*PROVIDED RECORDS:*

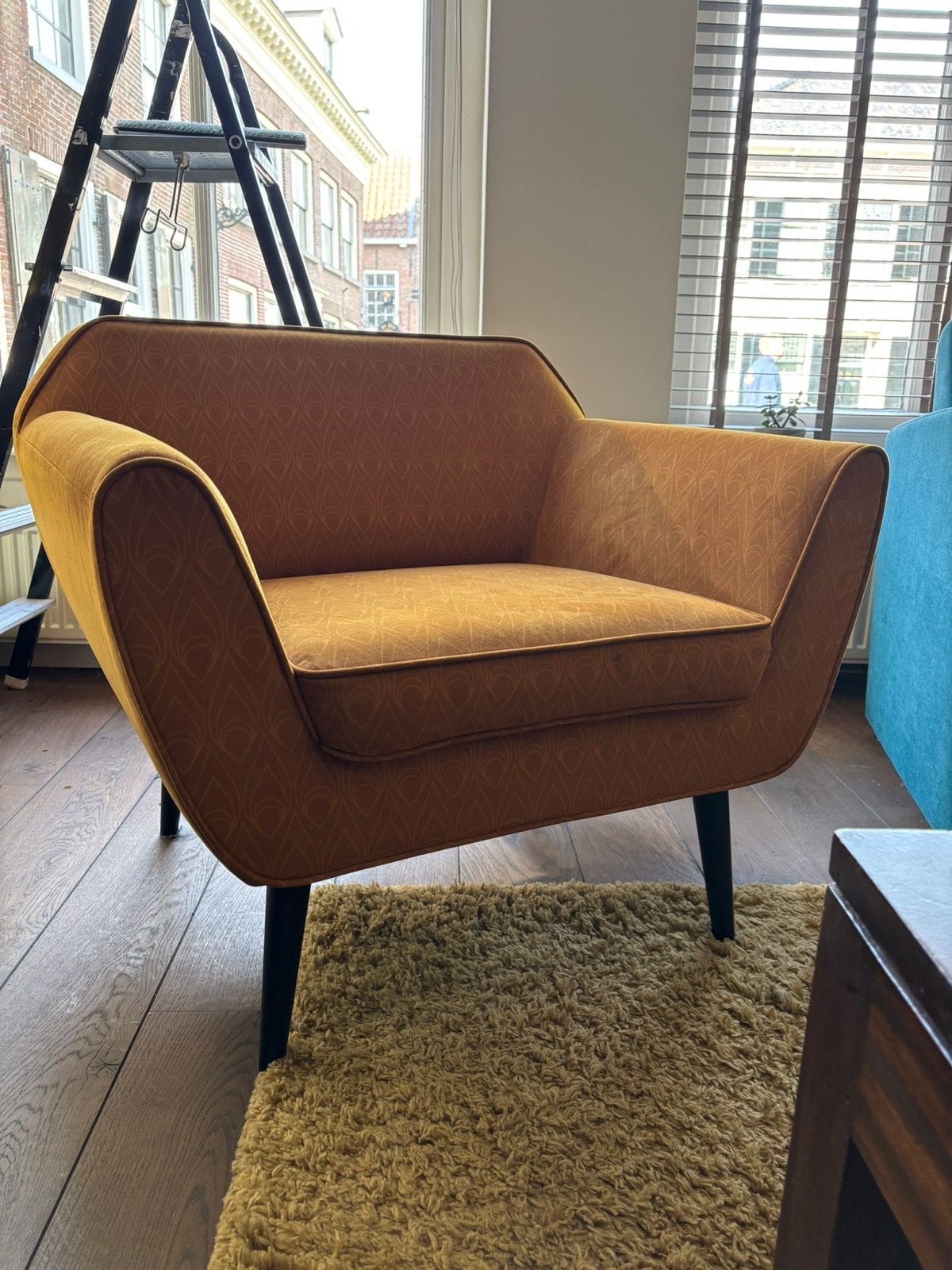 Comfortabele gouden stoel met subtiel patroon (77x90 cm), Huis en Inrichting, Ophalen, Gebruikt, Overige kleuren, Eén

---

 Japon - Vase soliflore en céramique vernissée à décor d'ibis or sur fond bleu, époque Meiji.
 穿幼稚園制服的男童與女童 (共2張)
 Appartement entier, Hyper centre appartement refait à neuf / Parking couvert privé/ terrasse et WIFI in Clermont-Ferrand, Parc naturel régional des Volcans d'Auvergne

*PROBLEM DETAILS:*
From the material above, set down exactly the lines starting at the one with "Japon - Vase" and ending at the one with "Appartement entier, Hyper", end lines included.

*EXERCISE RESPONSE:*
 Japon - Vase soliflore en céramique vernissée à décor d'ibis or sur fond bleu, époque Meiji.
 穿幼稚園制服的男童與女童 (共2張)
 Appartement entier, Hyper centre appartement refait à neuf / Parking couvert privé/ terrasse et WIFI in Clermont-Ferrand, Parc naturel régional des Volcans d'Auvergne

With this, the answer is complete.